CENTRAL SURETY & INS. CORPORATION.



Author: Major

Before MAJOR and KERNER, Circuit Judges, and LINDLEY, District Judge.

MAJOR, Circuit Judge.

This is an appeal from a judgment in favor of the plaintiff in the sum of $24,011.37, in a suit to recover from the defendant, predicated on its alleged bad faith in failing and refusing to settle an aciion brought against plaintiff by one Zamecnik to recover damages for personal injuries. Zamecnik, an employee of Allis-Chalmers, was injured by the alleged negligence of an employee of Royal Transit, which was engaged in delivering a truck load of steel plates to Allis-Chalmers. The injuries were suffered as a result of the steel plates falling from the truck upon Zamecnik.

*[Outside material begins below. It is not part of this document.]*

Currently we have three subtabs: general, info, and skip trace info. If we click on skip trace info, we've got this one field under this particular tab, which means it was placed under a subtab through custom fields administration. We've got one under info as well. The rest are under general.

The Zamecnik action commenced in the Circuit Court of Milwaukee County demanded damages in the amount of $100,000. Allis-Chalmers having been required to pay workman's compensation was made a party defendant and cross-complained against the defendant, Central Surety and Insurance Corporation.

In August, 1936, defendant issued to plaintiff its policy of automobile liability insurance, with a limit of $45,000 for the death or bodily injury to a single individual. Such risks were reinsured by the defendant in another insurance company in all amounts in excess of $5,000. The Zamecnik action could have been settled before the trial, but was not, for an amount less than the defendant's maximum liability, and a judgment was secured by Zamecnik against the plaintiff in the amount of $62,500. This judgment on appeal was affirmed by the Supreme Court of Wisconsin, Zamecnik v. Royal Transit, Inc., 239 Wis. 175, 300 N.W. 227.

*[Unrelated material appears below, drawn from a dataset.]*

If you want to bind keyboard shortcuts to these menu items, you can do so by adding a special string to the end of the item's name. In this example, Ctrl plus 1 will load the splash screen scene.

The case below was tried by the court without a jury, which made detailed findings of fact. Among other things it found:

"That said defendant at all times refused to agree or accede to any such offer of settlement and stubbornly, persistently, unreasonably, unintelligently and in bad faith refused to accept any such offer or any offer by which it could have settled said Zamecnik action within the coverage of said policy and stubbornly, persistently, unintelligently and in bad faith refused to make any counter offer of compromise within the coverage of said policy; and defendant threatened plaintiff for its efforts in seeking a settlement of said cause of action with penalties following non-cooperation provided for in the policy; that defendant could not and did not have a good faith belief that it could successfully defend said action.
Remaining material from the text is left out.